#### DESCRIPTION OF THE TASK
Exact copy, pictures excluded: set down only the lines from the one with "negozio in affitto" through the end of the entries, keeping both end lines.

#### Entries taken from a collection
┌────────
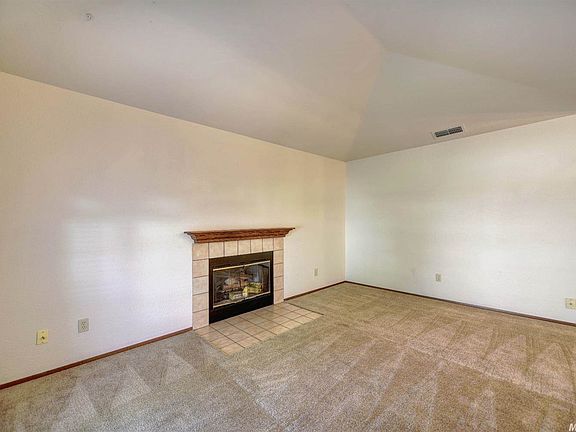 4th image of 845 Cordwell Cir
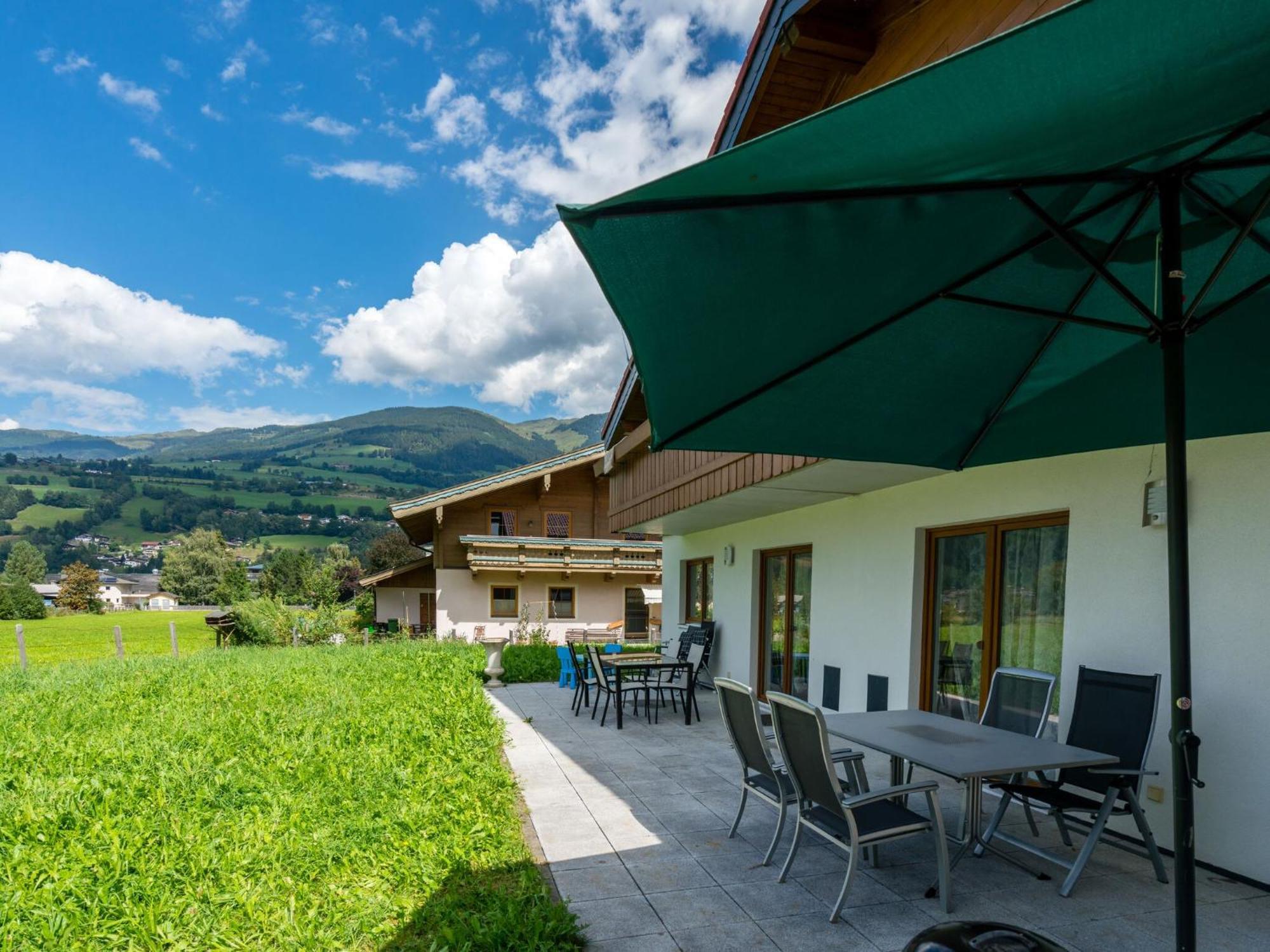 Holiday Home In Ski Area In Mittersill Exteriör bild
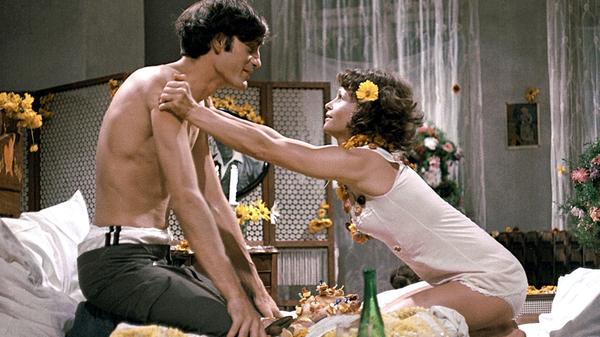 Einer der erfolgsreichsten Spielfilme der DDR ist der Lieblingsfilm von Angela Merkel: "Die Legende von Paul und Paula". Es ist ein Klassiker deutscher Filmkunst und wurde vom Verbund deutscher Kinematheken zu den wichtigsten hundert deutschen Filmen gewählt.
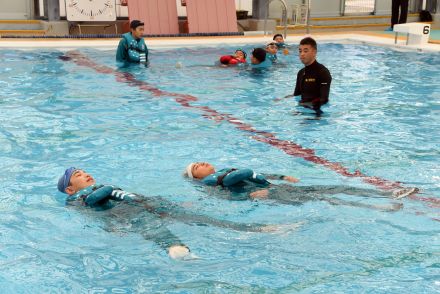 落水の危険を実体験　鋸南中1年生が海保の水泳教室で（千葉県）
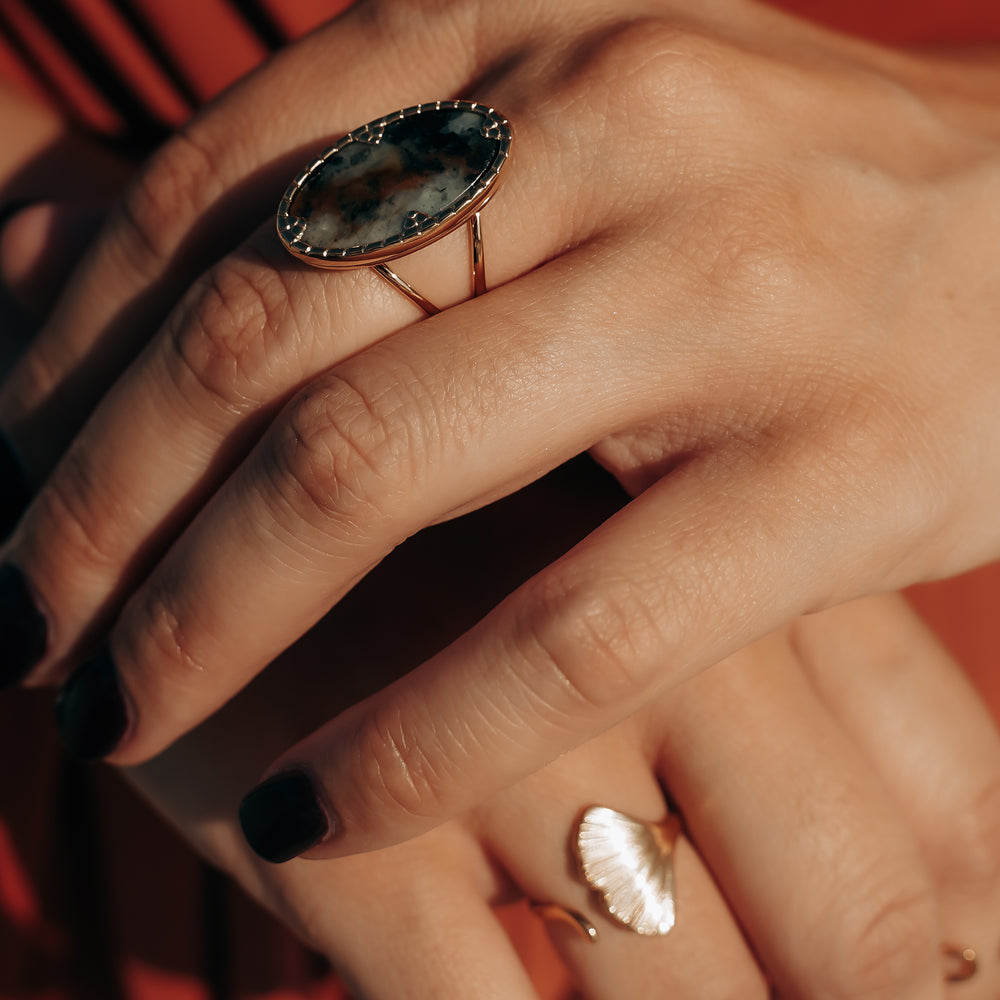 
                      
                        Varenna | Bague en acier inoxydable et pierre naturelle | Turquoise Africaine | Doré
                      
                    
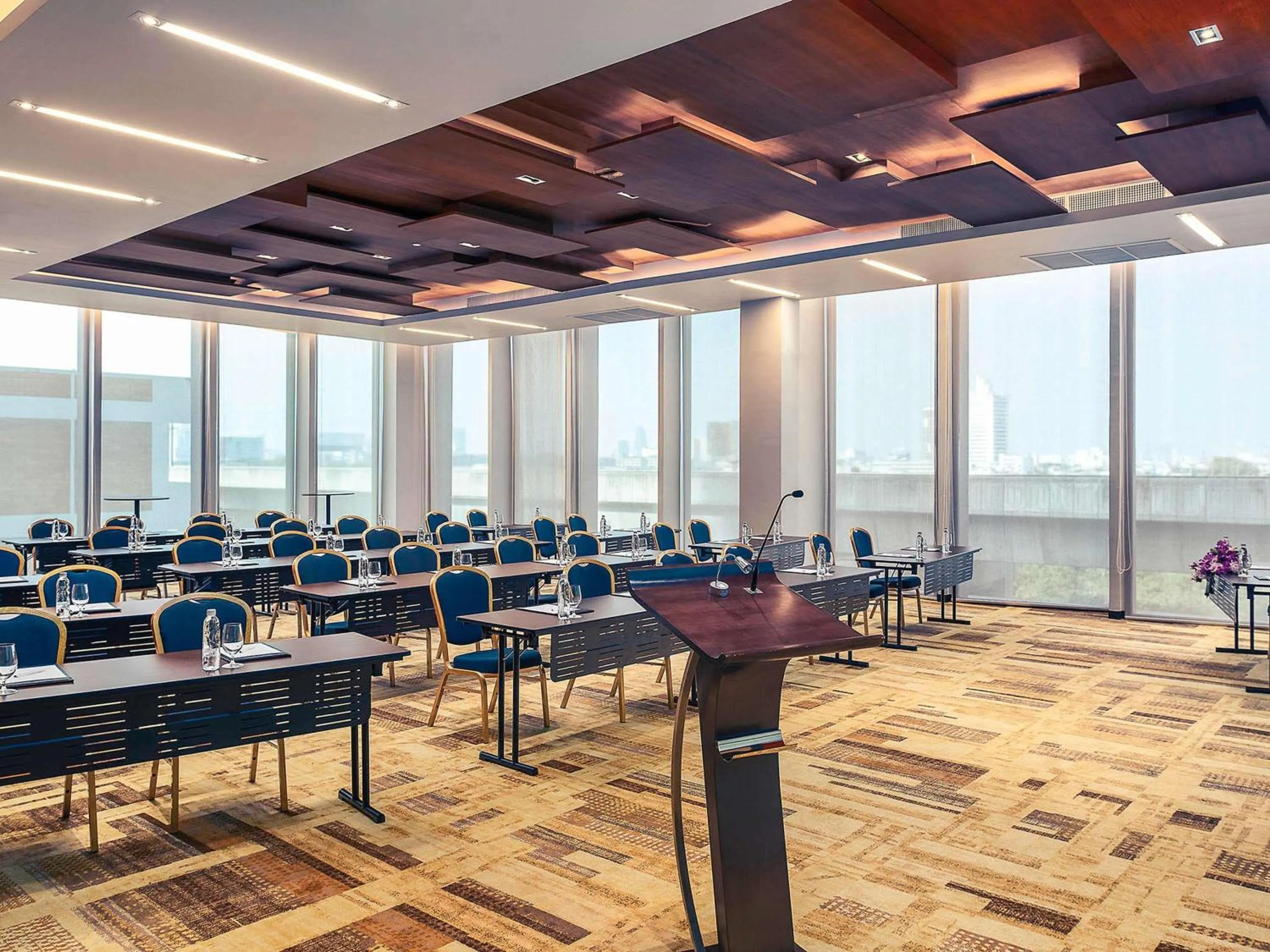 Meeting/conference room in Mercure Bangkok Makkasan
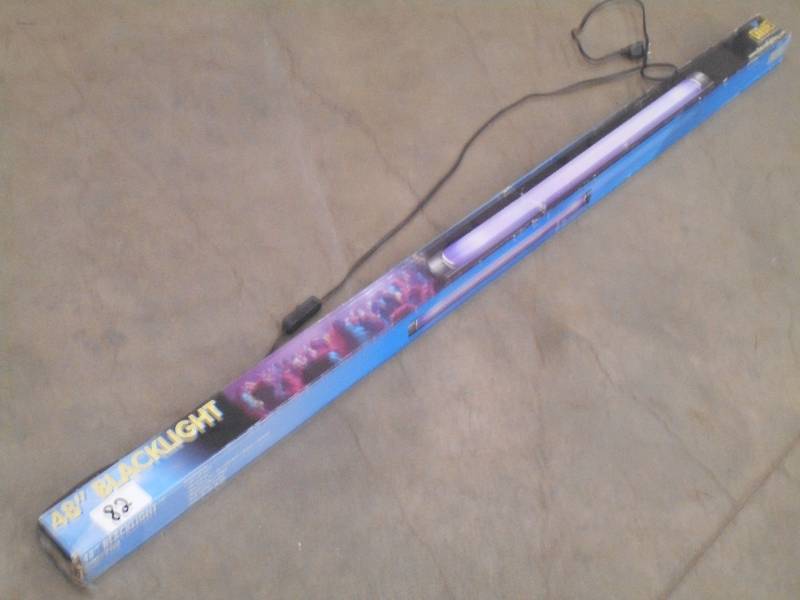 lot 82 image: Unused 48 Black Light ...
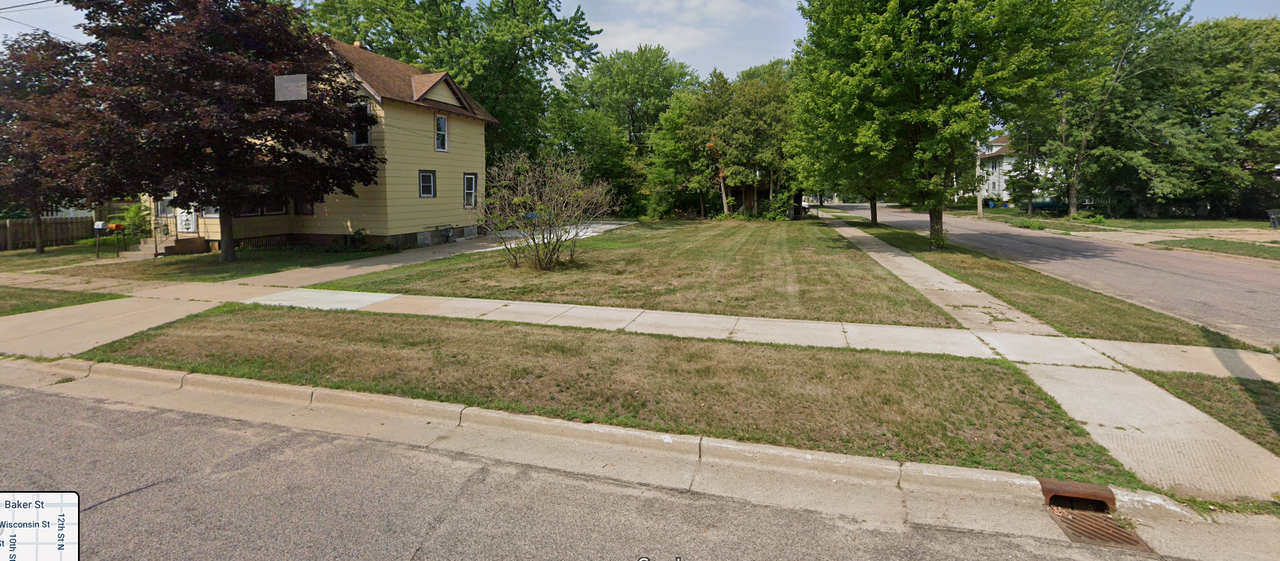 431 9th Street North - Photo 3 of 18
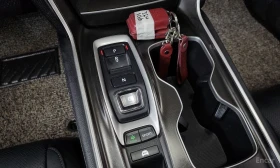 Honda Accord HYBRID* TOURING* HEAD-UP* DISTRONIC* ОБДУХВАНЕ, снимка 14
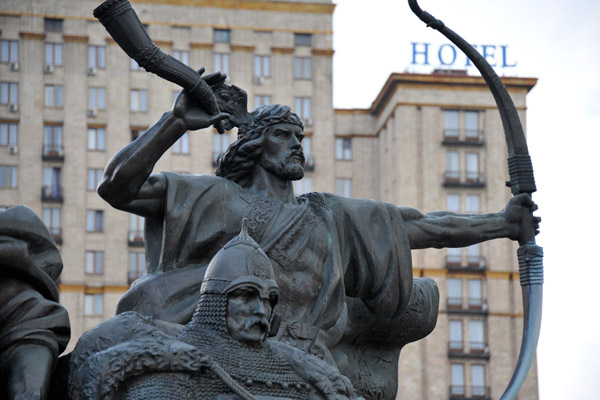 Monument to the Founders of Kyiv, Independence Square, Kyiv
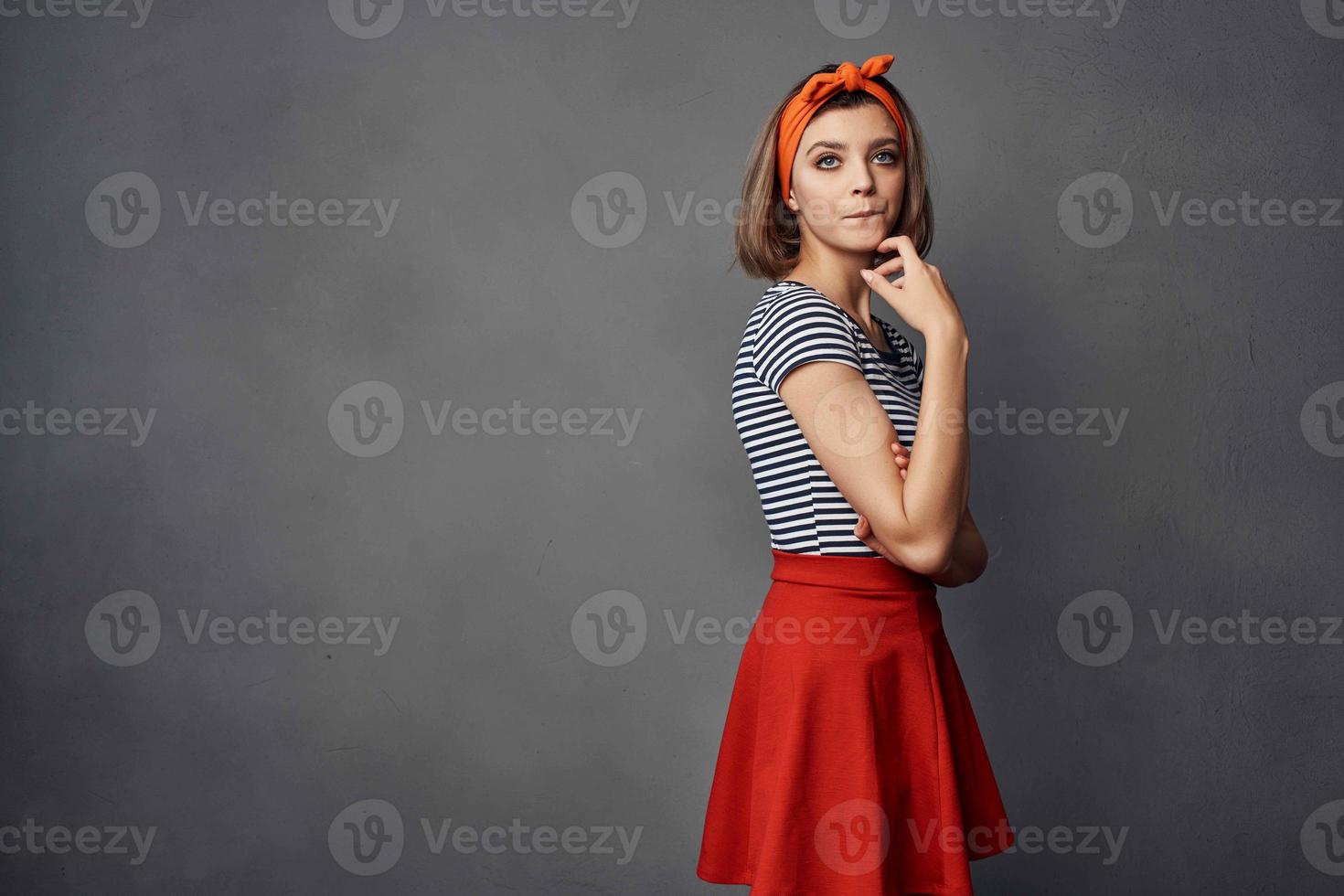 mulher com laranja arco de cabelo moda moderno estilo verão foto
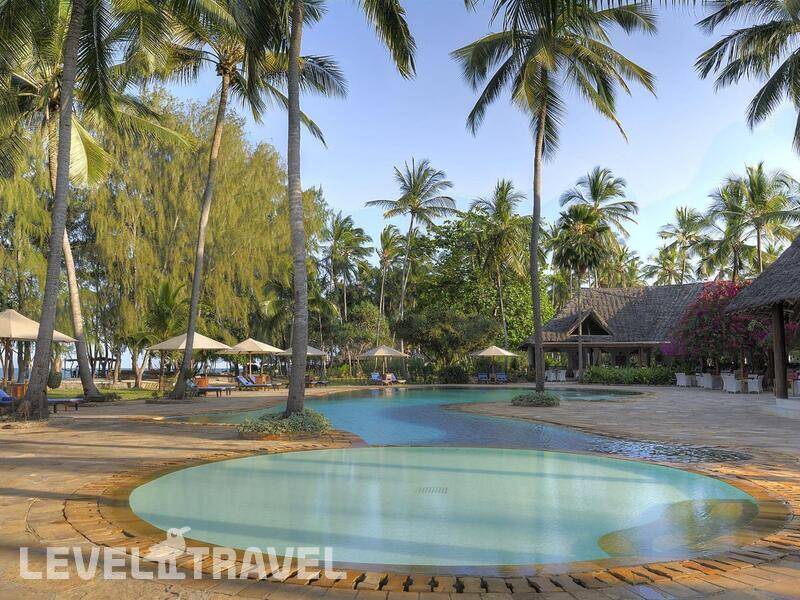 Фотография Bluebay Beach Resort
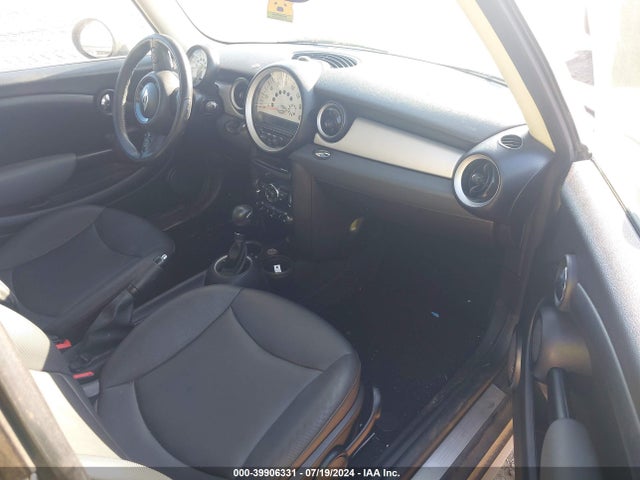 2012 MINI COOPER WMWSU3C57CT539933 Photo 4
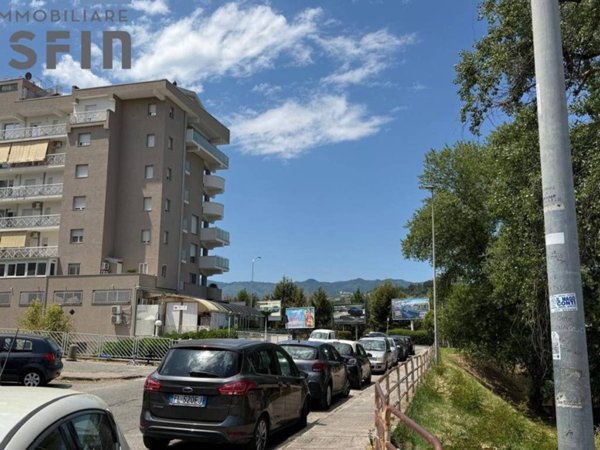 negozio in affitto a Cosenza in zona Panebianco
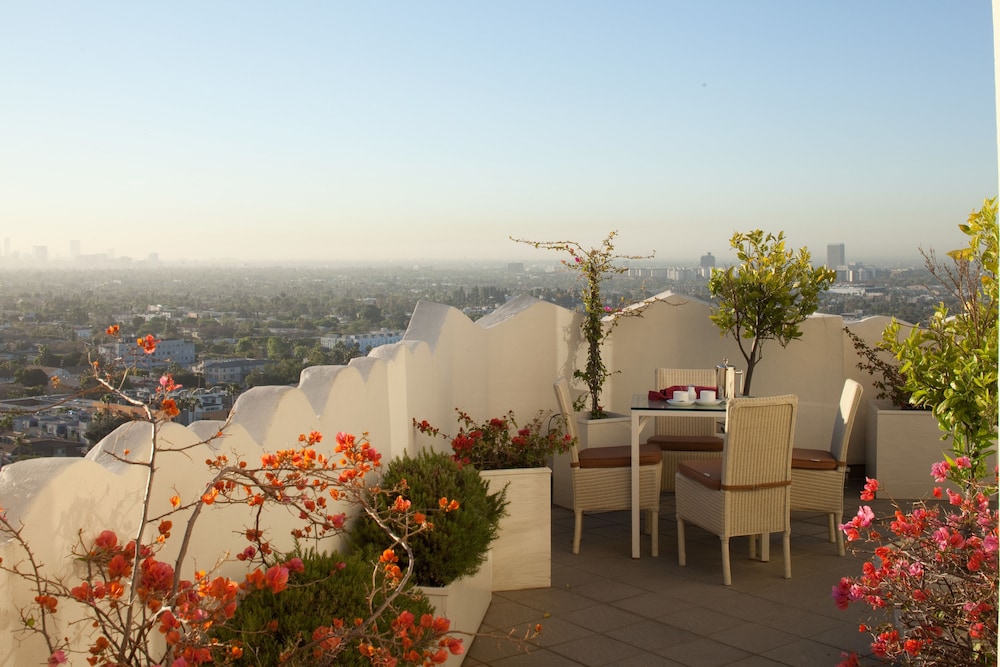 Sunset Tower Hotel 25/64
└────────
#### RESULT BELOW
 negozio in affitto a Cosenza in zona Panebianco
 Sunset Tower Hotel 25/64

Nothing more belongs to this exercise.